The ClickBench benchmark tests DuckDB in two modes: a single large Parquet file and partitioned Parquet (Hive-style, split by date). Both are the same data. The partitioned variant gives DuckDB the opportunity to skip files at query time — something analytically important and something Arc does by design at every write.
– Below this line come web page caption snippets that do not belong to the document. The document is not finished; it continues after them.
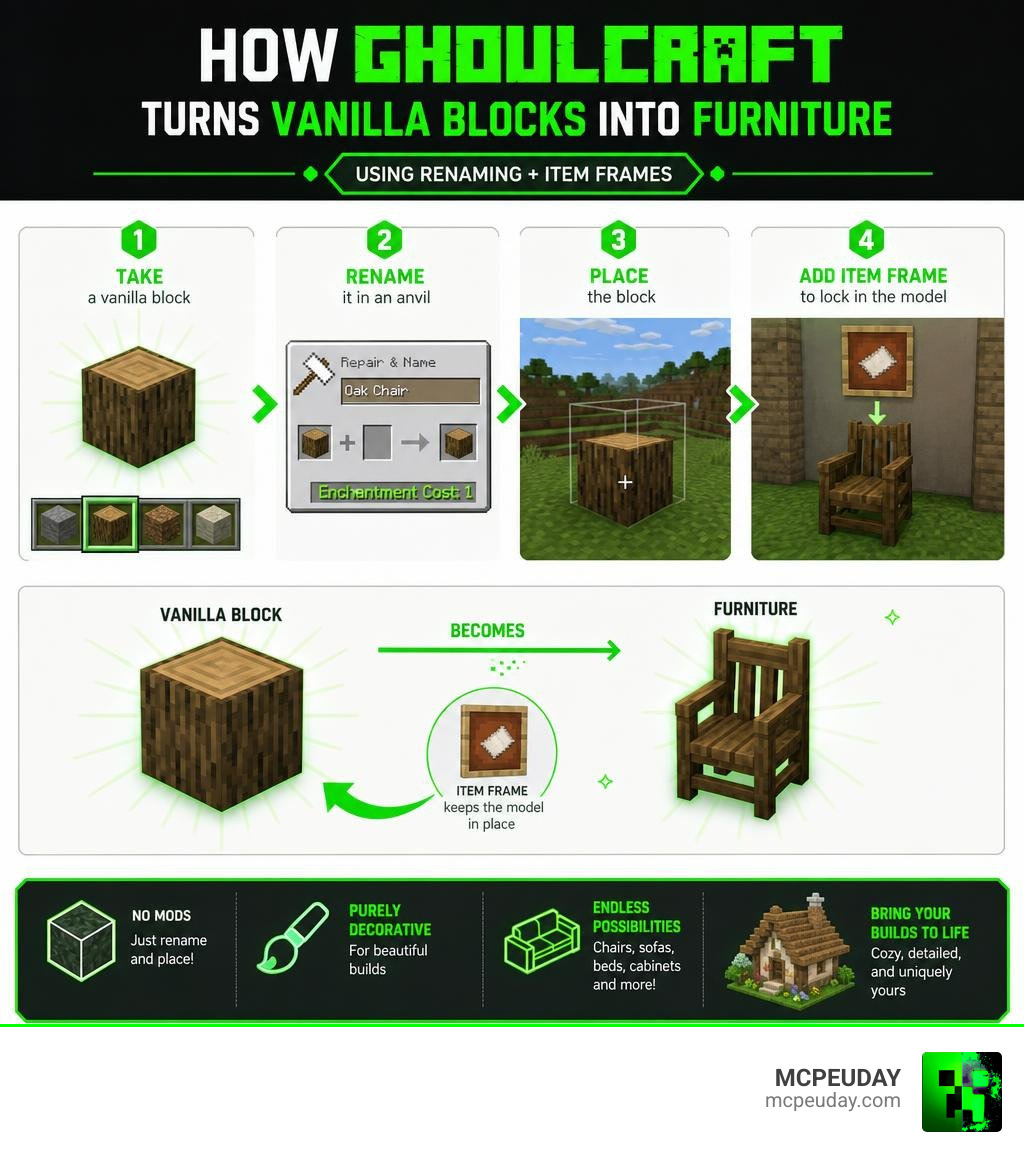 Infographic showing how Ghoulcraft turns vanilla Minecraft blocks into furniture using renaming and item frames infographic Infographic showing how Ghoulcraft turns vanilla Minecraft blocks into furniture using renaming and item frames infographic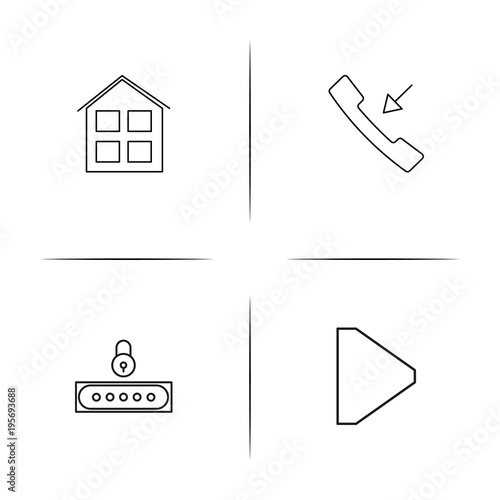 Interface simple linear icon set.Simple outline icons © Birgul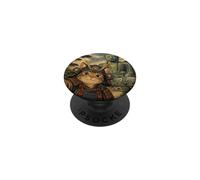 Selfie di Gatto Samurai col Buddha di Kamakura Ukiyo-e PopSockets PopGrip Adesivo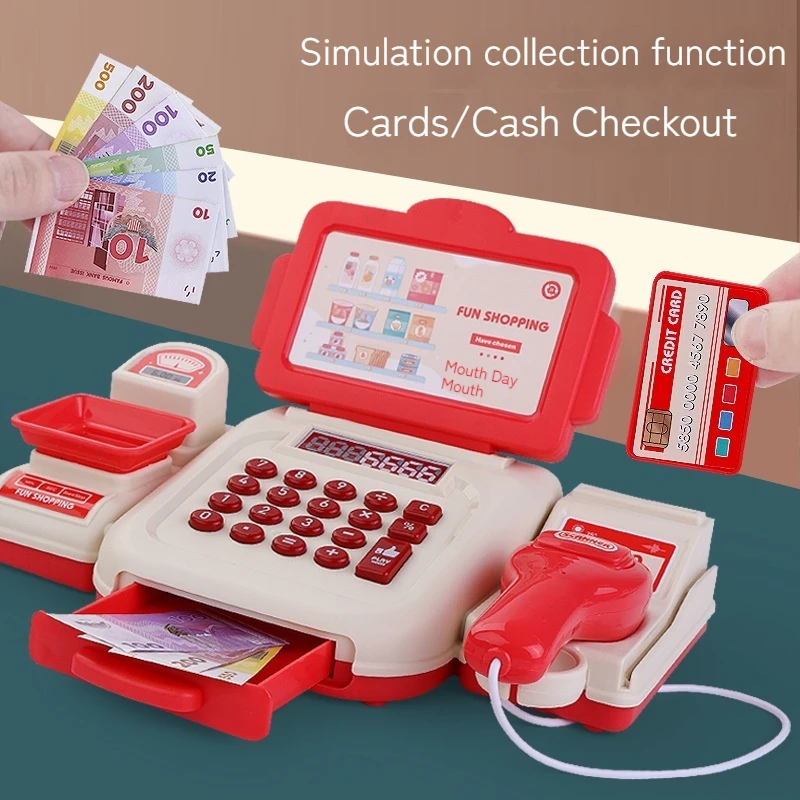 New Product Simulation Supermarket Cash Register Jiajia Children'S Convenience Store Cashier Model Swipe Card Scanning Kids Toys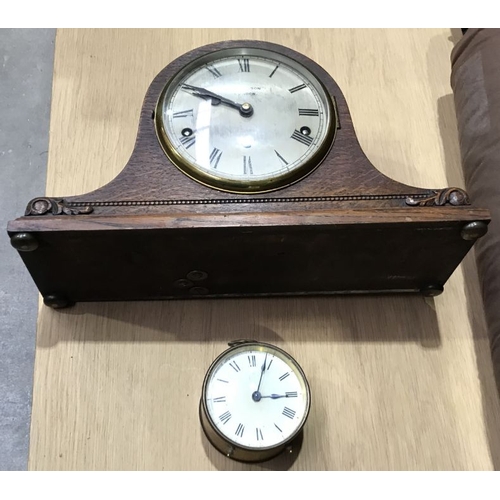 900 - A mid 19th century walnut drop dial wall clock, a J W Benson oak cased Wellington mantel clock and a... 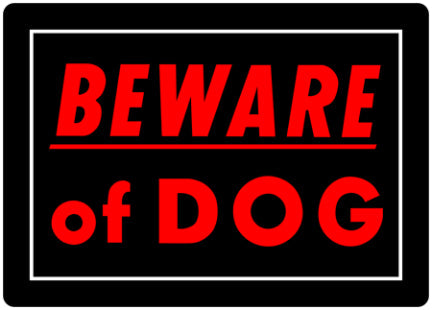 Hillman, 10  X 14  BLACK AND RED BEWARE OF DOG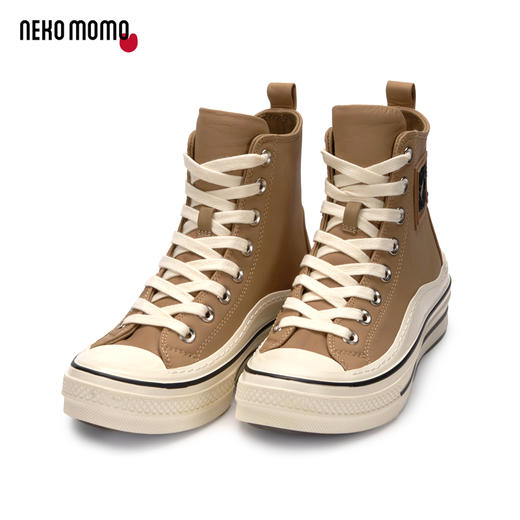 nekomomo2022年秋冬新款商场同款头层牛皮系带平底增高高帮板鞋女 商品图0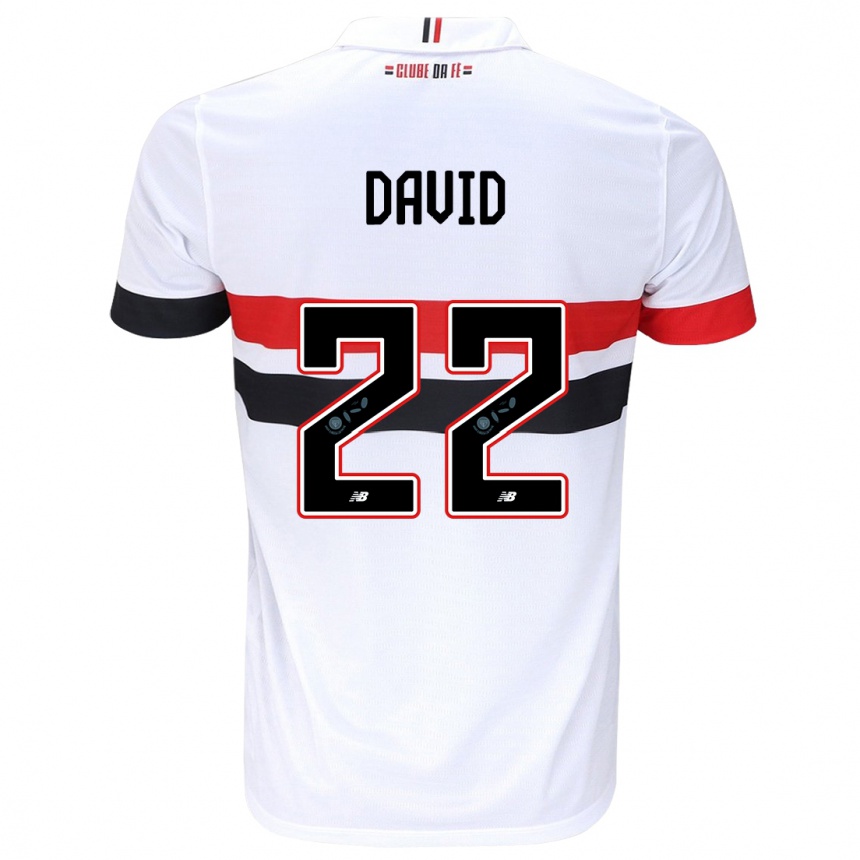 Kids Football David #22 White Red Black Home Jersey 2024/25 T-Shirt Canada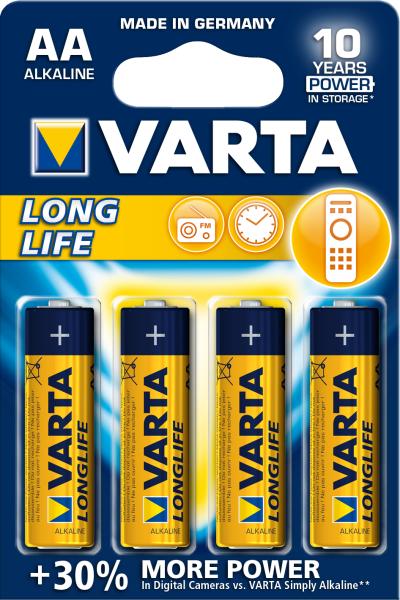Battery Varta LR6 Longlife AA, non-rechargeable 1/4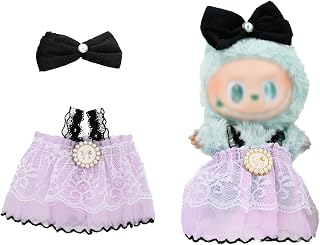 2-Piece Doll Outfit Set for Labubu Dolls – Hair Clip and Dress Set, Adorable Clothing Accessories for 17cm Dolls (Doll Not Included)_LSPurple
This is not a fair operational comparison. DuckDB is not a database server. You can't point Telegraf at it. You can't run retention policies on it. It doesn't have a query API. But it is the right technical comparison to understand whether Arc's architectural layer adds overhead or not, because they share the same analytical execution engine.

ClickBench Results

Same methodology as every other post in this series. Arc runs true cold runs: service restart and OS page cache flush before every query. DuckDB's ClickBench submissions are also listed as true cold runs, so both sets of numbers are directly comparable.

Combined Score

System	Machine	Score
Arc	c8g.metal-48xl	×1.09
DuckDB (Parquet, partitioned)	c8g.metal-48xl	×1.15
Arc	c7a.metal-48xl	×1.19
DuckDB (Parquet, partitioned)	c7a.metal-48xl	×1.24
DuckDB (Parquet, single)	c8g.metal-48xl	×1.27
DuckDB (Parquet, single)	c7a.metal-48xl	×1.45
Arc	c6a.4xlarge	×2.03
DuckDB (Parquet, partitioned)	c6a.4xlarge	×2.10
DuckDB (Parquet, single)	c6a.4xlarge	×2.35

Arc leads on combined score on all three machines against DuckDB partitioned.

Cold Run

System	Machine	Score
Arc	c8g.metal-48xl	×1.22
Arc	c6a.4xlarge	×1.28
Arc	c7a.metal-48xl	×1.28
DuckDB (Parquet, partitioned)	c6a.4xlarge	×1.36
DuckDB (Parquet, partitioned)	c7a.metal-48xl	×1.44
DuckDB (Parquet, single)	c6a.4xlarge	×1.52
DuckDB (Parquet, single)	c8g.metal-48xl	×1.52
DuckDB (Parquet, partitioned)	c8g.metal-48xl	×1.65
DuckDB (Parquet, single)	c7a.metal-48xl	×1.79

Arc takes the top three spots on cold runs, across all machines. DuckDB's best cold result (×1.36 on c6a.4xlarge partitioned) comes in behind Arc's worst (×1.28 on c6a.4xlarge and c7a.metal-48xl). On c8g.metal-48xl, DuckDB partitioned records its worst cold run in the entire table at ×1.65.

Hot Run

System	Machine	Score
DuckDB (Parquet, partitioned)	c8g.metal-48xl	×1.07
Arc	c8g.metal-48xl	×1.08
Arc	c7a.metal-48xl	×1.23
DuckDB (Parquet, partitioned)	c7a.metal-48xl	×1.27
DuckDB (Parquet, single)	c8g.metal-48xl	×1.30
DuckDB (Parquet, single)	c7a.metal-48xl	×1.52
Arc	c6a.4xlarge	×2.99
DuckDB (Parquet, partitioned)	c6a.4xlarge	×3.11
DuckDB (Parquet, single)	c6a.4xlarge	×3.61

On c8g.metal-48xl, DuckDB partitioned records ×1.07 vs Arc's ×1.08. That is a 1% margin. It's not a meaningful result in either direction.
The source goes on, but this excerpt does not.